**Records provided**
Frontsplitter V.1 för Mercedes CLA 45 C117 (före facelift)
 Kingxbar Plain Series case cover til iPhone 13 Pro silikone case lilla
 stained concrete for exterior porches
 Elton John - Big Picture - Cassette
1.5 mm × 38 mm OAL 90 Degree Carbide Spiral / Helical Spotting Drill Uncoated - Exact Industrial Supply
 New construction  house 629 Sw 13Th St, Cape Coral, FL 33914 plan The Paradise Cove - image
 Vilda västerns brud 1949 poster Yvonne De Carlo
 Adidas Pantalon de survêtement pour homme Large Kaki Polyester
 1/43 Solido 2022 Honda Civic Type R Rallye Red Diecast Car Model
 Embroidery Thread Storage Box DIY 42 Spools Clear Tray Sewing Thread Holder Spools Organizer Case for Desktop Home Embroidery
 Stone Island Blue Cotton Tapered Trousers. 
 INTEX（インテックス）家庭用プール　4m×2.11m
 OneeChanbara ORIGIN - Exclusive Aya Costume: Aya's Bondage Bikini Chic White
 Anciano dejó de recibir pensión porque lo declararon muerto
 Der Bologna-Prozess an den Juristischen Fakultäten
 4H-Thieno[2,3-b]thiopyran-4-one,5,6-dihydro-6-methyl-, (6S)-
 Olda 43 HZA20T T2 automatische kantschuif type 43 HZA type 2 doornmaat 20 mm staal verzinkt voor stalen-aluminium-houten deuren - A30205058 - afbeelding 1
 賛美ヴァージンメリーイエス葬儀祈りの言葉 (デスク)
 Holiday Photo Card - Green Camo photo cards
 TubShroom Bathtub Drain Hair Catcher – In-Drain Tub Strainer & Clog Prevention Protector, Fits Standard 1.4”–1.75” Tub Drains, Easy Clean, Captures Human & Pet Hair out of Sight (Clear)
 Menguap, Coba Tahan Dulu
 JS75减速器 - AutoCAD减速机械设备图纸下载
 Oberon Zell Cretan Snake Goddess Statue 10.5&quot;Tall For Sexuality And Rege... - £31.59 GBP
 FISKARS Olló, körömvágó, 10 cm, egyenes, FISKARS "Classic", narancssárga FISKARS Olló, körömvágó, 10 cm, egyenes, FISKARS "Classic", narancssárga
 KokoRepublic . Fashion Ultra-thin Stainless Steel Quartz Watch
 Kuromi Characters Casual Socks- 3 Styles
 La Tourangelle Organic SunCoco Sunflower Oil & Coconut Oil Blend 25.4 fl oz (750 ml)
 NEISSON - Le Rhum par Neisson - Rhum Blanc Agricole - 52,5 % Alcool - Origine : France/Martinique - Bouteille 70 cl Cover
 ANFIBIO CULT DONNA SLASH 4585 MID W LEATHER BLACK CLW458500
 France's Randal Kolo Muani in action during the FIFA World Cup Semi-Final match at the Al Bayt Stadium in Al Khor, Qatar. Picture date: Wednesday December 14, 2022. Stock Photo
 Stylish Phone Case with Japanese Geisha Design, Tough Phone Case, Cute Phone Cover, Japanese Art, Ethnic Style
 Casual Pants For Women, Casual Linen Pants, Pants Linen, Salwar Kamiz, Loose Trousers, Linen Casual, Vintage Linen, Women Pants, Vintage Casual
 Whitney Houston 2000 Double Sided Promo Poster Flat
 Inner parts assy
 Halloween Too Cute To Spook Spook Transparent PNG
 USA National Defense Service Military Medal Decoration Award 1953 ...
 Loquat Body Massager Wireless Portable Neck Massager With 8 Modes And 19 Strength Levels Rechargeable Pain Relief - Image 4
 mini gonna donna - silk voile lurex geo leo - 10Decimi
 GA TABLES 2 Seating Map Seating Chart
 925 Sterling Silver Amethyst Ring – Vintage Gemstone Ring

**Task statement**
From the line that has "Adidas Pantalon de" through the line that has "narancssárga FISKARS Olló, körömvágó, 10", copy every line exactly as it appears above, and leave out all others.

**Problem solution**
 Adidas Pantalon de survêtement pour homme Large Kaki Polyester
 1/43 Solido 2022 Honda Civic Type R Rallye Red Diecast Car Model
 Embroidery Thread Storage Box DIY 42 Spools Clear Tray Sewing Thread Holder Spools Organizer Case for Desktop Home Embroidery
 Stone Island Blue Cotton Tapered Trousers. 
 INTEX（インテックス）家庭用プール　4m×2.11m
 OneeChanbara ORIGIN - Exclusive Aya Costume: Aya's Bondage Bikini Chic White
 Anciano dejó de recibir pensión porque lo declararon muerto
 Der Bologna-Prozess an den Juristischen Fakultäten
 4H-Thieno[2,3-b]thiopyran-4-one,5,6-dihydro-6-methyl-, (6S)-
 Olda 43 HZA20T T2 automatische kantschuif type 43 HZA type 2 doornmaat 20 mm staal verzinkt voor stalen-aluminium-houten deuren - A30205058 - afbeelding 1
 賛美ヴァージンメリーイエス葬儀祈りの言葉 (デスク)
 Holiday Photo Card - Green Camo photo cards
 TubShroom Bathtub Drain Hair Catcher – In-Drain Tub Strainer & Clog Prevention Protector, Fits Standard 1.4”–1.75” Tub Drains, Easy Clean, Captures Human & Pet Hair out of Sight (Clear)
 Menguap, Coba Tahan Dulu
 JS75减速器 - AutoCAD减速机械设备图纸下载
 Oberon Zell Cretan Snake Goddess Statue 10.5&quot;Tall For Sexuality And Rege... - £31.59 GBP
 FISKARS Olló, körömvágó, 10 cm, egyenes, FISKARS "Classic", narancssárga FISKARS Olló, körömvágó, 10 cm, egyenes, FISKARS "Classic", narancssárga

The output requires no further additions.